Anna ist bereits über ein Jahr bei den Tschudis, als ein banaler Streit der Kinder zum Auslöser für die weiteren tragischen Vorfälle wird, deretwegen die Göldin der Hexerei beschuldigt wird: Eines der Kinder, Anna Migeli, findet eine Stecknadel in ihrer Frühstücksmilch. Was zuerst nicht ernst genommen wird, wiederholt sich immer wieder. Im Oktober 1781 wird Anna Göldin des Hauses verwiesen, wogegen sie sich wehrt. Doch all ihre Versuche, Gerechtigtkeit von den obersten Stellen zu erfahren, scheitern.

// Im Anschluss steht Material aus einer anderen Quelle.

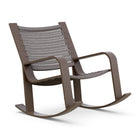 Cozumel Rocking Chair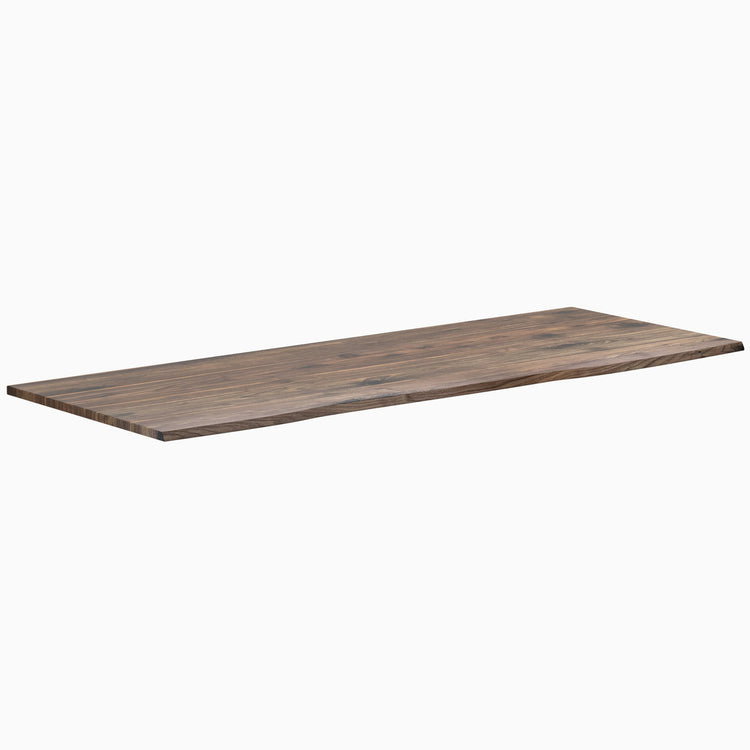 Desky Melamine Desk Tops
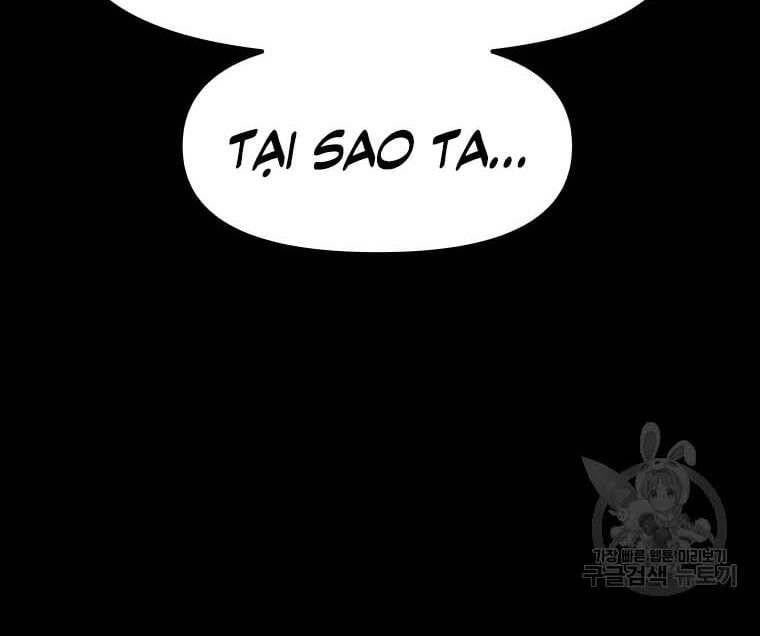 Bạn Trai Vệ Sĩ Chapter 58 - Trang 3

Das Wort einer einfachen Magd steht gegen das einer angesehenen Familie. Anna Migeli hat weiterhin Anfälle, Zuckungen, und sie „spuckt Nadeln“. In Windeseile verbreitet sich das Gerücht, dass die Magd für diese eigenartigen Vorfälle verantwortlich sei, zumal bekannt wird, dass Anna Göldin bereits früher wegen Kindsmord angeklagt worden ist: Ihr Neugeborenes war unter der Bettdecke erstickt. Im Prozess gegen einen bornierten, frauenverachtenden Justizapparat hatte die alleinstehende Frau keine Chance. Zumal sich die Angelegenheit zu einer machtpolitischen Auseinandersetzung der ansässigen Provinzgroßbürger auswuchs. Anna Göldin wird im Juni 1782 durch das Schwert hingerichtet.

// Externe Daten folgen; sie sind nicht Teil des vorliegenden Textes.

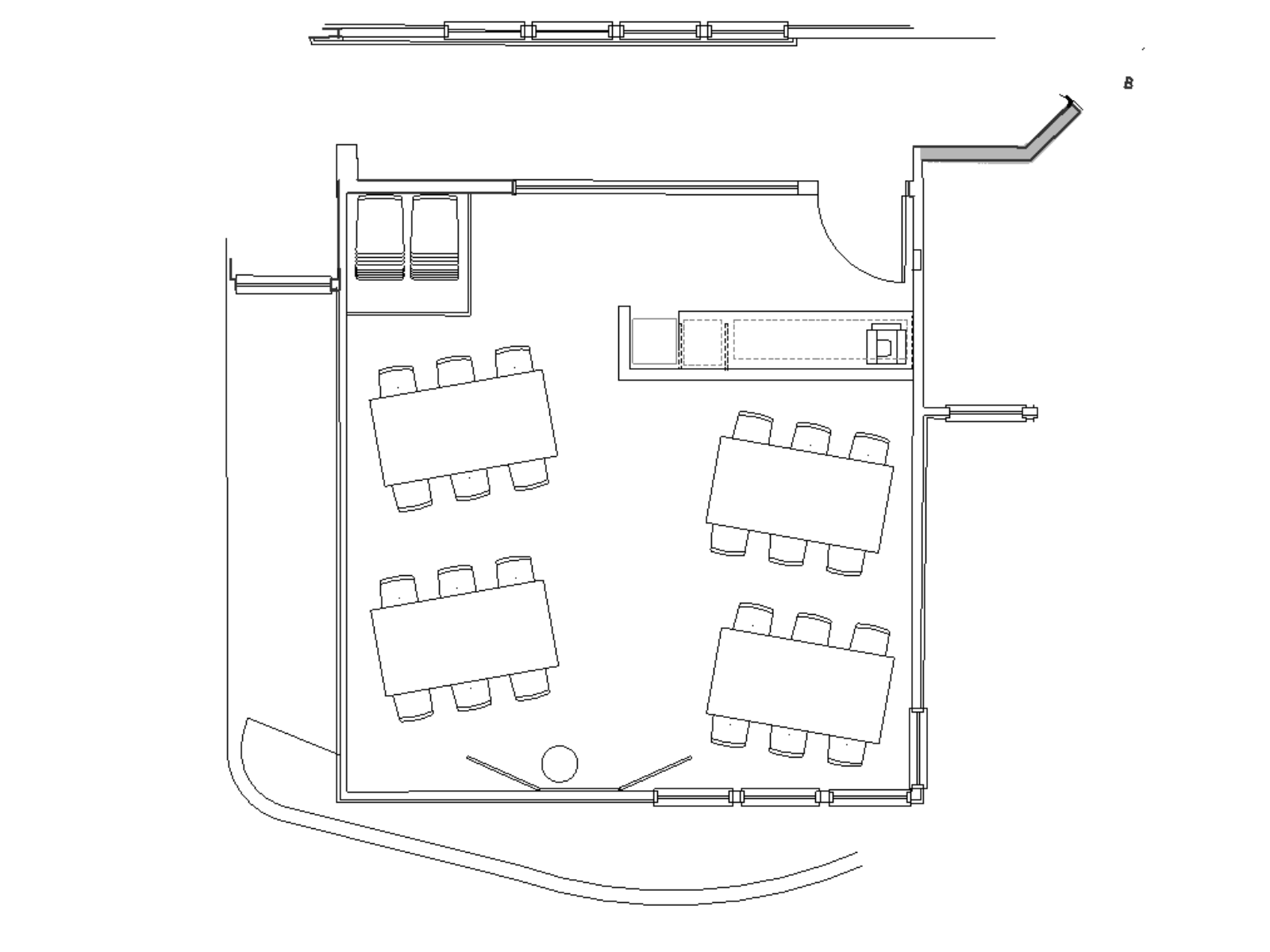 Header Slider Image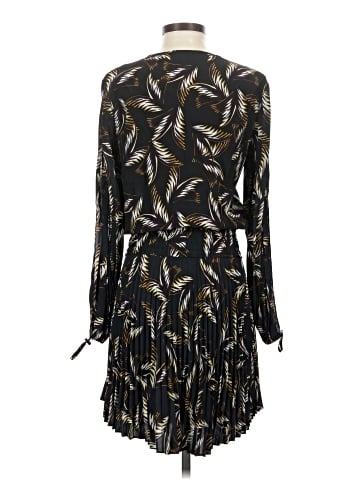 A.L.C. Casual Dress (view 2)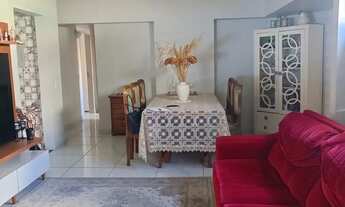 Imagem 5: Apartamento à venda no condomínio Nautilus com 3 suítes em Petrópolis - Natal/RN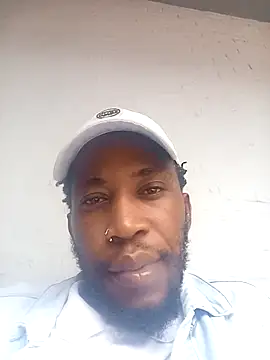 chef-dudi012 online show from January 14, 2026, 6:39 am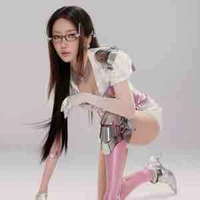Khương Hoàn Mỹ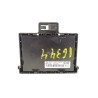 Recambio de caja reles / fusibles para renault modus confort dynamique referencia OEM IAM  281136807B 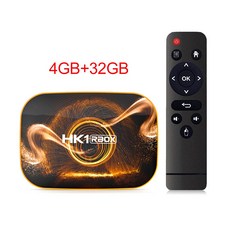 380f7efbd36bfd24b50a56c10d274db25a76afca40567d2575ecaf8f9dcc.jpg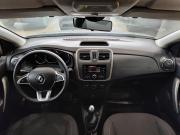 Renault Sandero II Рестайлинг Казань  - изображение 39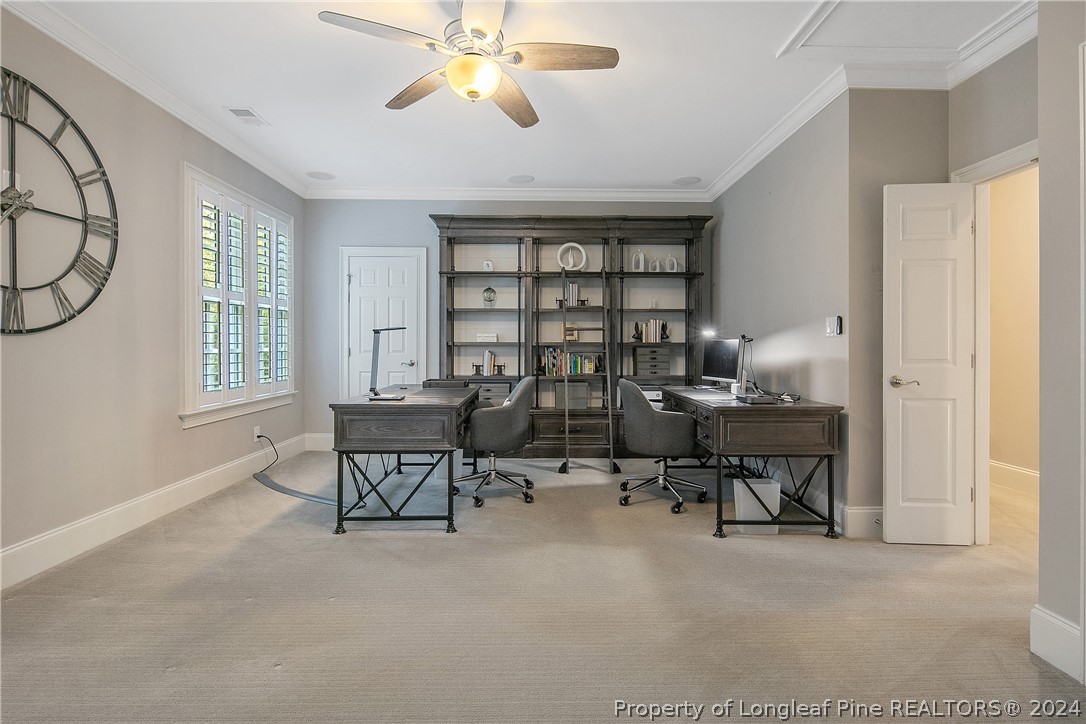 305 Sylvan Road Fayetteville, NC 28305 - Photo 37 of 50 Gallery Image 37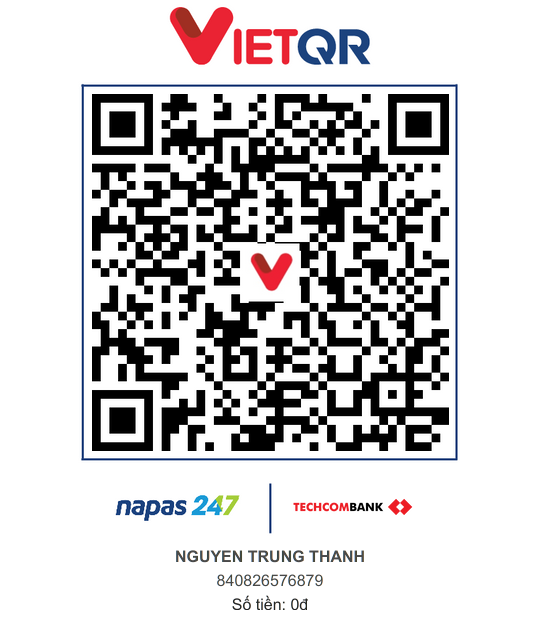 QR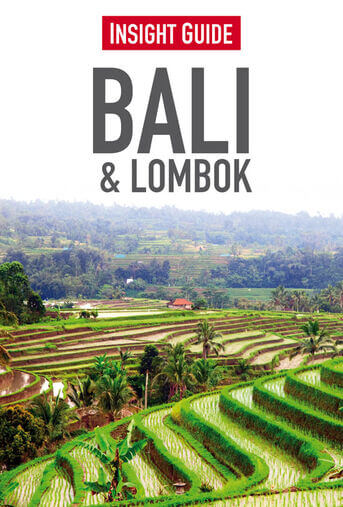 Bali &amp; Lombok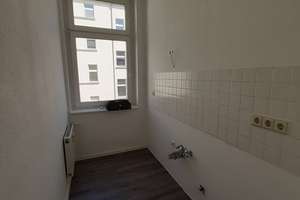 Kleine 2-Raum-DG-Wohnung in MD Stadtfeld-Ost sucht Sie ! – Immermannstr. 29, 39108 Stadtfeld Ost, Magdeburg – Vorschaubild 9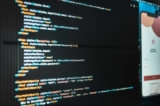 Code Behind: The Life of an Indian Website Developer Today
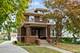 931 W Downer, Aurora, IL 60506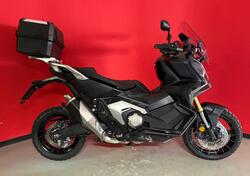 Honda X-ADV 750 DCT (2021 - 24) usata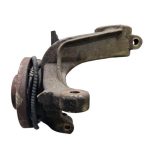 CITROEN C3 3 PHASE 1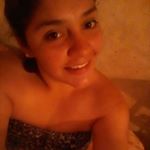 Profile Picture of Maricel Lopez (@maricel.lopez.7737) on Instagram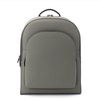 15.6 inch Laptop Backpack Large Travel College Shoulder Bag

Der Roman „Anna Göldin – Letzte Hexe“ der Historikerin Eveline Hasler zählt nach über zwanzig Jahren noch immer zu den berührendsten und spannendsten Büchern zum Thema Hexenverfolgung. Er schildert nicht nur die Chronik des letzten Hexenprozesses in der Schweiz, sondern gibt darüber hinaus ein aufschlussreiches Bild der damaligen Zeit, der Gesellschaft und der Stellung der Frau. Der Hexenprozess gegen die Dienstmagd Anna Göldin, einer schönen und eigenwilligen Frau, fand eine große Öffentlichkeit und steht wohl stellvertretend für viele ähnliche Schicksale über die Schweizer Grenzen hinaus.
Eveline Hasler gelingt es anhand von Zitaten aus Gerichtsakten und zeitgenössischen Dokumenten sowie mit der altertümlichen Sprache, in der sie den Roman verfasst hat, die Atmosphäre der damalige Zeit vor dem Auge des Lesers entstehen zu lassen. Sie zeigt auf, dass unter dem Deckmantel des Rechts jegliches Recht missachtet wird. In Zusammenhang mit dem Prozess wurde zum ersten Mal auch der Begiff „Justizmord“ verwendet.
Das Buch vermittelt viel mehr als nur die bewegende Geschichte einer „modernen“ Frau des ausgehenden 18. Jahrhunderts. Das Grundthema kann auf andere Epochen bis in die Jetztzeit übertragen werden: Innere Unabhängigkeit von geläufigen Meinungen, Anderssein und Außenseitertum stoßen heute noch auf mangelnde Akzeptanz und werden auf verschiedene Weise bestraft. Frauenverachtung und bürgerliche Selbstherrlichkeit sind auch heute noch anzutreffen.

Mich hat der Roman teilweise tief betroffen gemacht und verstört! Aber ich fand ihn sehr lesenswert.

1 Kommentar:

  1. Da hast du an einem Abend gleich zwei hervorragende Buchbesprechungen geschrieben, danke!